Mr Obuseng also noted that despite the adoption of several new initiatives, agriculture continues to decline as a result of certain operational challenges that continue to besiege the sector.

The challenges, he said, contribute to the lack of growth of agriculture.

 Mr Obuseng further cited challenges such as poor soil fertility, dependence on simple manual tools, low adoption levels of agricultural technology and poor infrastructure as challenges that need to be dealt with for the sector to grow.

Another panelist, a beef farmer, Mr Clive Marshall said the beef sector also faced several challenges such as low returns for cattle producers and lack of market access.

He said producers, especially in non-EU zones were the hardest-hit particularly with the issues of lack of market access.

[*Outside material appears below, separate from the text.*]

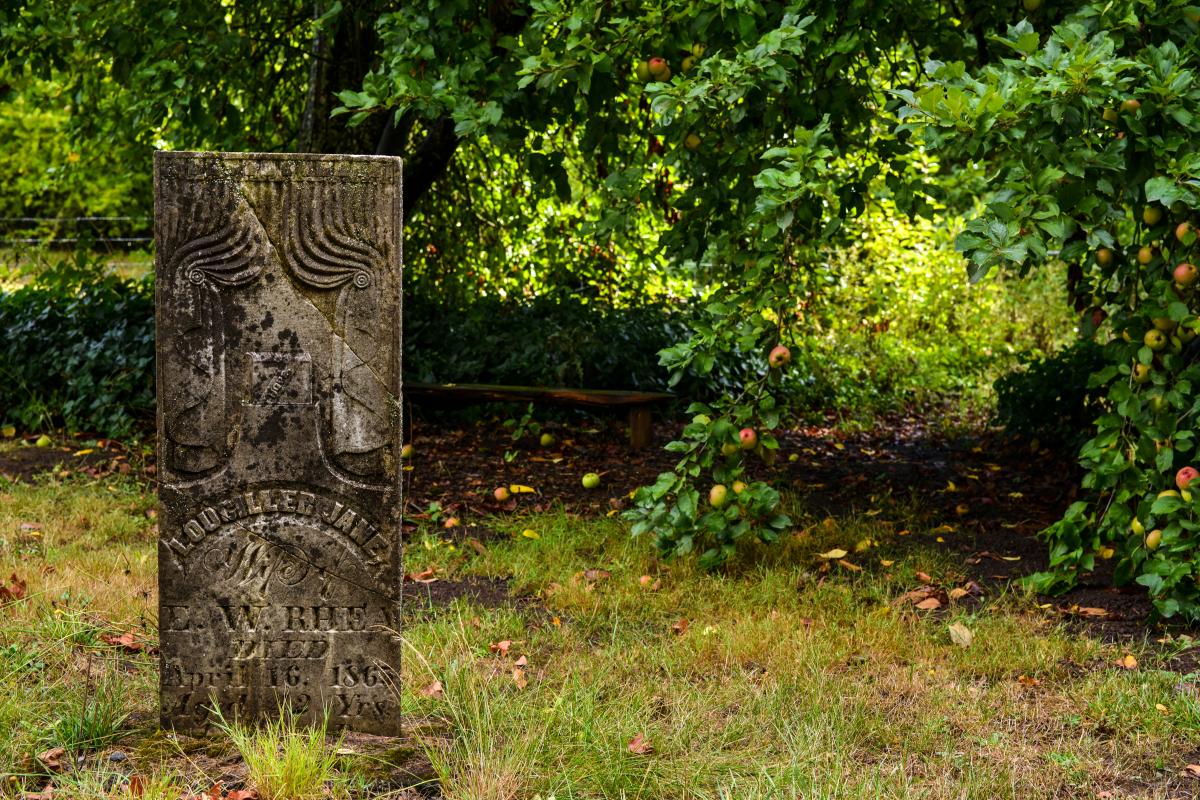 Luper Pioneer Cemetery by Melanie Griffin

Despite these, he said it was critical to find ways of creating wealth out of the national herd.

One such measures, he said, included taking advantage of the Economic Partnership Agreement (EPA), which he said gives Botswana a quota-free and tariff-free access to the highest paying market in the world.

Mr Marshall said increased demand for feedlot capacity as well as increase in live weight prices were some of the ways that could help create wealth from the national herd.

Presenting on the energy sector, an energy consultant, Mr David Mompati noted that power production costs have been increasing rapidly over the past decade, but that retail prices were not going up at the same rate.

That, he said, would in the long term put pressure on the Botswana Power Corporation as it was unsustainable.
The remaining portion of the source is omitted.